Each year in the UK, millions of pounds are lost to investment scams. Age UK reports that consumers lose an estimated £1.2 billion every year, but as only 10% of all crimes are reported, the number of people affected by investment scams could be much higher.
Fraudsters often target older and more vulnerable people, particularly since changes in pension regulations mean that over-50s now have access to their retirement savings.
So how do you spot an investment scam? Our guide looks at what investment scams are, how to spot them, and what to do if you are the victim of such a scam.
What is an investment scam?
Investment scams are designed to get innocent people to hand over money. Most seem legitimate, and many can be so convincing that even professional investors have fallen victim to them.
Investment scams tend to have one thing in common: they offer high investment returns for minimal risk. They tend to have one or more common elements, including:
- Companies ‘cold calling’ you, sending you unsolicited emails or sending brochures through the post. You will often be contacted out of the blue.
- Companies are calling you repeatedly and keeping you on the telephone for a long time.
- Pressurising you into making a quick decision, often by setting a time limit or by offering you incentives to invest by a particular date. You will often be given no time to consider the nature of the investment thoroughly.
- Suggesting that you will benefit from excellent returns, often better than alternative investments.
- Understating the risks associated with an investment, for example by confusing you with jargon or failing to explain the downsides.
- Claiming the opportunity is only available to you, or asking you not to share the details with others.
Often, the resources that you are investing in don’t exist or are worthless. For example, you may buy land that has no potential for development, or rare stones that aren’t worth as much as they sound.
How to check whether an investment is legitimate
If you have been offered a financial investment and you want to make sure it is genuine, there are three steps that you can take.
Head online to research the company
The first step you should take is to check out the company online. Even if the company has an authentic website, there are tell-tale signs that it might not be legitimate. For example, does it have a UK address? If it does, put it into Google Streetview as often you will discover that it is just a mailing address.
Look for other businesses which are at the same location and for the names of individuals connected to the company.
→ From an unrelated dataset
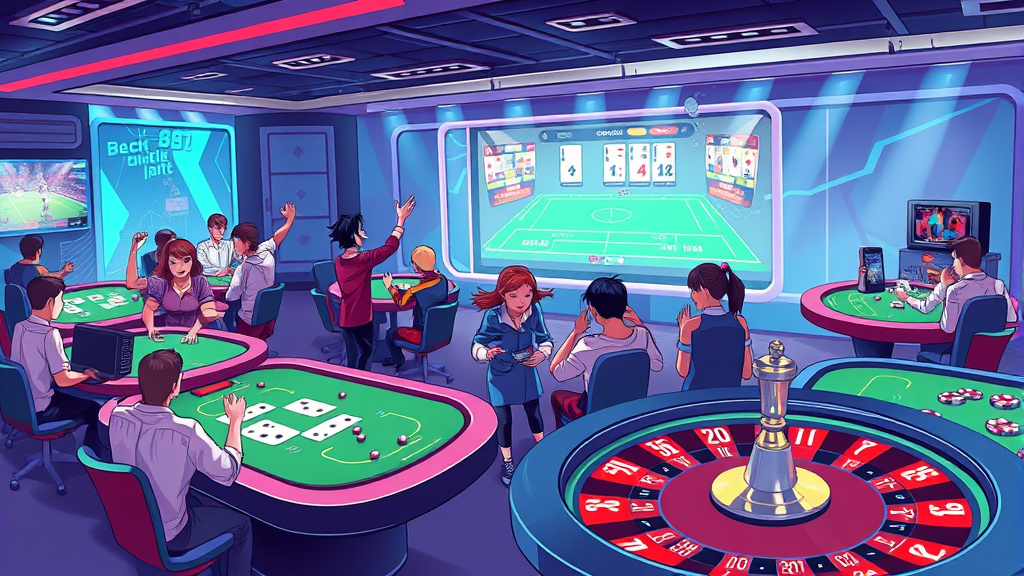 Banner www.shiningstarhs.info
Conduct an online search for these to see if any issues arise.
Check the FCA Register
The FCA register at http://www.fca.org.uk/register lists financial services firms and individuals that are authorised by the FCA to do business in the UK. It is a list of companies who are registered to undertake regulated activities.
If the company you are speaking to claims to be an ‘introducer’ to an authorised firm, they should also be authorised.
If you invest in an unregulated company and you lose your money, you cannot claim compensation, even if they promised to invest it with a regulated business.
You can also check the FCA’s list of unauthorised firms and those which are of concern to foreign regulators.
Use the Companies House website to check a company’s credentials
Head to the Companies House website to research the business. This website offers a free WebCheck service, and you can also retrieve documents about a company for a small fee.
What you should do if you are the victim of an investment scam
Investment scams are often difficult to spot because they look authentic and, often, have very professional brochures and websites.
However, if you do fall victim to a scam, it’s important that you report it. By doing so, you may help other people to avoid falling for the same scam, and it can lead to the prosecution of the fraudsters.
ActionFraud is the UK’s national fraud and cyber crime reporting centre. You can report investment fraud using their simple online reporting tool, or you can call 0300 123 2040.